FCR Duisburg kann nicht mehr zahlen und steht vor Insolvenz
17.01.2013 | 20:47 Uhr 2013-01-17T20:47:00+0100
Duisburg. Der Frauenfußballverein FCR Duisburg konnte die im Januar fälligen Gehälter nicht mehr bezahlen und steht nun vor einem Insolvenzverfahren. Wie es weitergeht, ist ungewiss. Eine Lizenzerteilung für die 1. Mannschaft in der Bundesliga ist in dieser Situation jedenfalls unwahrscheinlich.
Knapp vier Jahre ist es her, dass der FCR 2001 Duisburg auf dem Höhepunkt seiner jungen Vereinsgeschichte angelangt war: Deutscher Pokalsieger und Gewinner des UEFA-Cups wurde man im Sommer 2009. Nun sieht es so aus, als würde sich das Kapitel Bundesliga-Frauenfußball in Duisburg dem Ende zuneigen. Am Donnerstagabend gab der FCR bekannt, einen Insolvenzantrag stellen zu müssen.
„Da der FCR 2001 Duisburg die zum 15. Januar 2013 fälligen Gehälter nicht zahlen konnte und sich diese Liquiditätslücke kurzfristig nicht schließen lassen wird, ist der Verein zahlungsunfähig im Sinne der Insolvenzordnung. Der Vorstand ist somit rechtlich verpflichtet, den Antrag auf Eröffnung eines Insolvenzverfahrens beim zuständigen Amtsgericht zu stellen“, so der Wortlaut der Mitteilung von FCR-Pressesprecher Rainer Zimmermann. Um den Spielbetrieb in der laufenden Saison fortsetzen zu können und eine Sanierung des Vereins zu ermöglichen, lasse der Vorstand derzeit den entsprechenden Antrag durch einen Insolvenzrechtler vorbereiten.
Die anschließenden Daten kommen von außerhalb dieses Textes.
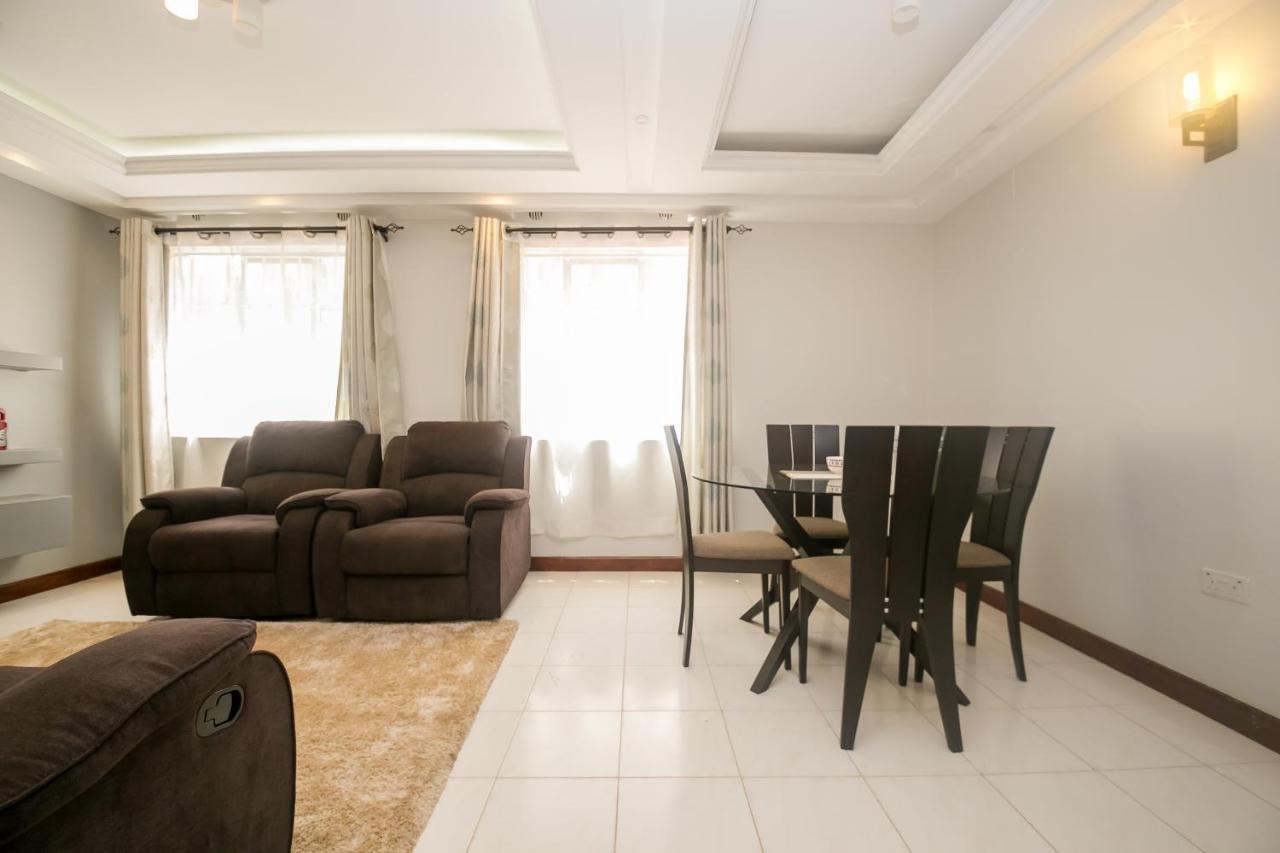 Esterina Suites Nairobi Zewnętrze zdjęcie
Noch im Sommer des vergangenen Jahres hatte der FCR vergleichsweise überraschend verkündet, eine Insolvenz gerade eben noch abgewendet zu haben. Seinerzeit meinte der Vorsitzende Thomas Hückels, er sehe die Finanzen des Vereins „für die nächsten beiden Spielzeiten“ gesichert. Im Dezember legte Finanzvorstand Dirk Broska dann bei der Mitgliederversammlung Zahlen auf den Tisch und erklärte, die Zahlungsunfähigkeit sei auch dadurch vermieden worden, dass man kurzfristige in langfristige Verbindlichkeiten umgewandelt habe.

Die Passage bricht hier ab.